Sole proprietorship holds many benefits as compared to other entities for those people who are starting a new business with comparatively less risks. It is best for small and medium businesses or for professionals who do not want to be associated with others.
However, it isn't easy to raise capital to scale the business in Sole proprietorship . Sole proprietors have limited avenues for raising capital such as Investment of own savings, taking out loans to support the business, advances from commercial banks or borrowing from finance companies, no way of raising Equity Capital, Unlimited Liability, Difficulty in Obtaining Funds, Higher Tax Incidence and a few more.
Hence, it’s difficult to build a big business as a single person as Sole Proprietorship is seen to hamper growth with time. So, if one is looking to expand his/her business then it is advisable that this structure should be converted to another form once achieving growth to a sustainable level. It is very common for sole proprietors to convert their business into partnerships and private limited companies and others after business starts growing. The conversion process is possible and you can always choose to do so. But due to a ton of information scattered online, many people get confused. In this article we’ll discuss how you can convert your sole proprietorship business to a legal entity.
Conversion of Sole Proprietorship to Pvt. Ltd
The proprietor should ensure compliance with the following requirements before beginning the conversion:
- The owner of the sole proprietorship needs to be one of the directors of the limited company.
- A minimum of two directors are a must . One of them can be the proprietor himself, and the other can be any individual.
- The directors need to have their Director Identification Number (DIN) as a prerequisite to incorporation.
- The company needs minimum of two shareholders, and they can be the same as the directors.
- Minimum authorized capital of 1 Lakh rupees.
The procedure to form a private limited company from a business with sole proprietorship registration is to first form the private limited company and then take over the sole proprietorship through a Memorandum Of Association (MoA) and transfer all benefits and liabilities to the limited company.
Important Conditions while Conversion
- A takeover agreement or sale agreement needs to be entered into between the sole proprietor and the company.
- All the assets and liabilities of the sole proprietorship must be transferred to the new Pvt. Ltd. company.
- The shareholding of the proprietor should not be less than 50% of the voting power, and the same must continue to be held for a period of 5 years from the date of the succession.
- The sole proprietor does not receive any benefit or consideration, directly or indirectly, in any form or manner, other than by way of allotment of shares in the company.
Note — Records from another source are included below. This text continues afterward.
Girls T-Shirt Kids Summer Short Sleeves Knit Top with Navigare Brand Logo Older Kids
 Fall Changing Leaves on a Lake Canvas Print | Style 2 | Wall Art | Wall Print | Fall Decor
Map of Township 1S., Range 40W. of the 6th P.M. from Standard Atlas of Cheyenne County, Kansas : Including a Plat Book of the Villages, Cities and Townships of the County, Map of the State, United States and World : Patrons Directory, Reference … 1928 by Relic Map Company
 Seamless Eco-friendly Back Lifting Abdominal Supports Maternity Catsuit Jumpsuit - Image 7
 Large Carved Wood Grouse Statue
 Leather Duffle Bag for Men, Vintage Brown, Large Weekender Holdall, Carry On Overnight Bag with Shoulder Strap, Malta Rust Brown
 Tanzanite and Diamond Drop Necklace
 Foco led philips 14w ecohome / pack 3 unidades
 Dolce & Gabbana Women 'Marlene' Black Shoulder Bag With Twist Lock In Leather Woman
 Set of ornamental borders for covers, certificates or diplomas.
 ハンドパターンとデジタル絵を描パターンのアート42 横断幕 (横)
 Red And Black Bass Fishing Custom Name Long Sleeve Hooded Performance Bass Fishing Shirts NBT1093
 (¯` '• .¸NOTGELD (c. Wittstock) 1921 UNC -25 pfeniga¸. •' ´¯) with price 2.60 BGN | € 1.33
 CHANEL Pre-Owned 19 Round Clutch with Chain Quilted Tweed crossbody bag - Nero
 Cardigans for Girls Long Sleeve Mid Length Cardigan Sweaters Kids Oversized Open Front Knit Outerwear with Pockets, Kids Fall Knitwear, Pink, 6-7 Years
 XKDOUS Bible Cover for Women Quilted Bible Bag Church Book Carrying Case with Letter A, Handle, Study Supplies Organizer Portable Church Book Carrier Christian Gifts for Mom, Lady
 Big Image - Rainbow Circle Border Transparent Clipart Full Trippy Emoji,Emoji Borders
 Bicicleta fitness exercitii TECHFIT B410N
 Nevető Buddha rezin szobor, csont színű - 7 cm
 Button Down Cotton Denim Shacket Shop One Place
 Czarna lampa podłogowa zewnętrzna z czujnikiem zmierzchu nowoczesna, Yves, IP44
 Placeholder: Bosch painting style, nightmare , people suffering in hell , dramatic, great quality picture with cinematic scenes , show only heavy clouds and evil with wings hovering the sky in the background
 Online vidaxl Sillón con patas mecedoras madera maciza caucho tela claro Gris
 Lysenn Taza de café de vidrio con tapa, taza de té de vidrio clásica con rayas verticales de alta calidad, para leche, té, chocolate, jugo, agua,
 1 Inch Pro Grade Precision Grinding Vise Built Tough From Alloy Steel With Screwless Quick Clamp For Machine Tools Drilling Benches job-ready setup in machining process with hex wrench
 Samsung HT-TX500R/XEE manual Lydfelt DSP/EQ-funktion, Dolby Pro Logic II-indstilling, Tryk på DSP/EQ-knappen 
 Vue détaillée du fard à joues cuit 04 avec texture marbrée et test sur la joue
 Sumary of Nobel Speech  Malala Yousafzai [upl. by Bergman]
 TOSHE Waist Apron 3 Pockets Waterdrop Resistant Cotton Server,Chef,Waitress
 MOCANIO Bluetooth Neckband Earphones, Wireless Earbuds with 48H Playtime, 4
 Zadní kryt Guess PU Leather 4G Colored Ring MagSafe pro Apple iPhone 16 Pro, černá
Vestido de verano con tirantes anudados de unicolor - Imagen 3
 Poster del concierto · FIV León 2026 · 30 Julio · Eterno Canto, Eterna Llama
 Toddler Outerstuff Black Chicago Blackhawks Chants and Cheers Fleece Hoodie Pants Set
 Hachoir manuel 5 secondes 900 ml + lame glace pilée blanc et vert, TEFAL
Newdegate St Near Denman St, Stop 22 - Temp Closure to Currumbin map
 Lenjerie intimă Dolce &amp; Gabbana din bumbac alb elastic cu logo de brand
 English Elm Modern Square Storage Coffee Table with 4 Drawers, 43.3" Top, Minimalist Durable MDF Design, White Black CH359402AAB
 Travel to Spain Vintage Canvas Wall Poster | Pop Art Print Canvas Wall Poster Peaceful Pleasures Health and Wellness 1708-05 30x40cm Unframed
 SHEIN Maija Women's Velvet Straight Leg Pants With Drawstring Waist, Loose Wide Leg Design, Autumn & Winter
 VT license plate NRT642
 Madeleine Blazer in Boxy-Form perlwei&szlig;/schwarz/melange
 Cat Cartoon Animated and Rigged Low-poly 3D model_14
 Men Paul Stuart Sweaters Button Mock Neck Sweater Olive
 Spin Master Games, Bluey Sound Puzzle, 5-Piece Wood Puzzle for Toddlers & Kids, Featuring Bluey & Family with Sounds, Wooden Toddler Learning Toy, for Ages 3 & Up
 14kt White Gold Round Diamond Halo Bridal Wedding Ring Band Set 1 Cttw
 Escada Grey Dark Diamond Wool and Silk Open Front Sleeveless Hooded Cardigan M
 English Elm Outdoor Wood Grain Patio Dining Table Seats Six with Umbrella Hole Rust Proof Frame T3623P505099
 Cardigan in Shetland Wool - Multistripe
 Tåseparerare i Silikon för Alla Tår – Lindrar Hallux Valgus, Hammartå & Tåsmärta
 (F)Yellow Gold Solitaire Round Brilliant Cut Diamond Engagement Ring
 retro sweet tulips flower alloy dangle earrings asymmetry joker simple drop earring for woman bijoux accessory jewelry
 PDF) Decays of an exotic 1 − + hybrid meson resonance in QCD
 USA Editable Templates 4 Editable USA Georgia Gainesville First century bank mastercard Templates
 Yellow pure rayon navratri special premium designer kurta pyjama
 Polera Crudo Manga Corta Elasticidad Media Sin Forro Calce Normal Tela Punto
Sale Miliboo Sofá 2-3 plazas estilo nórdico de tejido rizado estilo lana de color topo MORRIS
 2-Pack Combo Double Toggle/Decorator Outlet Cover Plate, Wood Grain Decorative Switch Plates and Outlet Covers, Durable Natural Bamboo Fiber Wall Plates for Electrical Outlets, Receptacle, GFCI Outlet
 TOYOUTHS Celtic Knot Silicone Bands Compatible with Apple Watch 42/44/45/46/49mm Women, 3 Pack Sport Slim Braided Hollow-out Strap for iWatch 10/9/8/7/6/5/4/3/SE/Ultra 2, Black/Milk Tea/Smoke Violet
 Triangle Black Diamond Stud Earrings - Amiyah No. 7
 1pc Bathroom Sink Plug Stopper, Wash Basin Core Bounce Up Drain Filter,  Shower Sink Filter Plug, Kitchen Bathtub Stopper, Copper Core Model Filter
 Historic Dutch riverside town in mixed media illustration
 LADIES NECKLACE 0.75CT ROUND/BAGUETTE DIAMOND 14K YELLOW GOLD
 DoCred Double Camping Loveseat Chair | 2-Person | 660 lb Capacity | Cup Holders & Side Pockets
Converting Sole Proprietorship to One Person Company (OPC)
One person company is an improved and better form of a sole proprietorship firm and thus conversion of sole proprietorship into One Person Company is a good business decision.
- An individual can form a company with one single member and one director. The director and member can be the same person but can be a member in only one OPC
- One shareholder must be a resident of India.
- It shall have a minimum of one director, Only individuals can be designated as directors.
- The minimum authorized & subscribed share capital capital of Rs.1 lakh is prescribed.
- The name of the OPC should be unique and should not be similar to any existing company name or trademark.
- A person must be appointed as nominee.
Step 1 – Obtaining Director Identification and Digital Signature Certificate
Step 2 – Applying for name approval by submitting Form SPICe+ 32 application. The name should comply with the guidelines of the Ministry of Corporate Affairs & shall be ending with the words ‘(OPC) Private Limited’.
Step 3 – Once the name is approved, the director has to submit several documents such as MoA and Article of Association. The documents are examined by the Registrar of Companies, and on successful verification, the owner is handed over the receipt of certificate for his incorporation.
Conversion Of Proprietorship Into A Partnership
The legal forms of both entities are different, so, PAN number, GST Number, Bank Accounts of both entities will always be different from each other. So, to convert the proprietorship firm into a Partnership firm, firstly, it is required to incorporate a partnership firm and then arrange for PAN, GST number, Bank accounts of the Partnership firm.
Then, you have to file all GST Returns and pay pending taxes. After doing so, apply for cancellation of the GST number giving reasons as ‘Change in legal Structure of firm’. It will also ask to enter the GST number of the new Partnership firm. Transfer all assets and liabilities into partnership firm as sale of business by proprietor to partnership firm.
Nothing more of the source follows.